Lab 04: Histogram
Learning Goals
After this lab you should be able to agree with each of the following statements.
I can handle File-based IO with Java:
- I can read from a text file using a Reader, eg. BufferedReader.
- I can write to a text file using a Writer, eg. BufferedWriter.
- I close my streams after I finished reading or writing.
- I can use try-with-resources to make sure that in the end, a resource is always closed
I can handle Exceptions:
- When a method could throw an exception, I know how to handle it with a try-catch-block.
- When a method could throw an exception, I know how to pass it on to whatever calls the method.

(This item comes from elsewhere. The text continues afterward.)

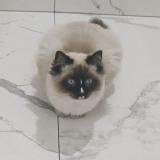 Photo de chat perdu à Jamisontown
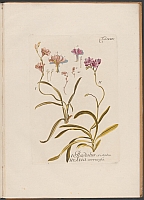  no thumbnail available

- I can throw a fitting exception (eg. IllegalArgumentException) if I detect user input that does not fit my use case.
- I can look up exceptions I don’t know yet in the Java Documentation
I can effectively use the data type “char”:
- I know how to cast a char to an int.
- I know how to cast an int to a char.
- I know how to normalize a letter from the alphabet.
- I can find out which letter corresponds to which ASCII code and vice versa.
Pre-Lab
Please think through the following questions before coming to the lab. Write down your answers and be prepared to answer them in class.

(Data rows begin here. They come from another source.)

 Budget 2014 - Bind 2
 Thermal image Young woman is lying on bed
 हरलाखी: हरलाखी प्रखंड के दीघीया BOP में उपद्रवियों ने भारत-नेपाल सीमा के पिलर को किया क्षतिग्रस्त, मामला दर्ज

P1. In some programming languages, such as Ada, you can define an array of characters with any discrete type as the index:
someArray : ARRAY ['A' .. 'Z'] of INTEGER;
You can then access the array, for example, using a value of character type: someArray[‘T’]. Java does not have this feature. How would you go about making an array in Java for representing counters for the letters ‘A’ to ‘Z’?

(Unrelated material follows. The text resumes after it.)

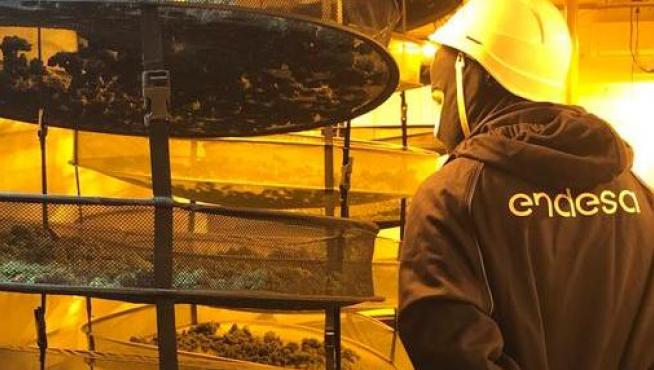 Un técnico de Endesa inspecciona una plantación de marihuana.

P2. Normalization of Strings means transforming all Strings to either uppercase or lowercase before comparing them. Write a method that takes a character as a parameter and returns a normalized version of the character without using the methods available in the Java String class.
P3. What is a “carriage return”? Where does the name come from?
P4. What is a “histogram” again?
Assignment
Write and test a method that returns the next character in a file. Note that you have to do something with the carriage returns - such as ignoring them - and that you have to decide what to do when there are no characters to be returned. Make sure that you will be able to read large files, as well.
Find out how to write a String to a file, how to write an Integer and an int to a file. Find out how to create a file.
Now the fun begins! Write a Java application to read in a file character by character, counting the frequencies with which each normalized character occurs. When there are no more characters, create a file frequency.txt and output the frequencies for each character. Note that you should only count the ASCII characters between ‘A’ and ‘Z’ and ‘a’ and ‘z’, using the char type.
Write a test method to see whether your program counts correctly. The test method can contain multiple test cases. For testing it is useful to have a count() method that counts from a parameter of a type that you can feed both a String to from the tests as well as an input source from a file. Reader is one possible solution, use it with a BufferedReader for reading the file, and with a StringReader from the tests:
```public void count(Reader reader)```
Write a method that returns the most frequent character, include a test for it.
Output a histogram of the character frequencies. One simple kind of histogram has horizontal lines proportional to the magnitude of the number it represents. For example:
A : ********** B : ***** C : ******
Try out your program with a big file, fpr example the 1M english news file from the Leipzig Corpora Collection.
For the bored
- Extend your program such that it either takes input and output file names as parameters, or use standard in and standard out if no parameters were given.
Lab Report / What to turn in
All info on the lab reports can be found on the Labs page.
Additional requirements for this lab:
- Answer the following questions: What is the complexity of your program? Why?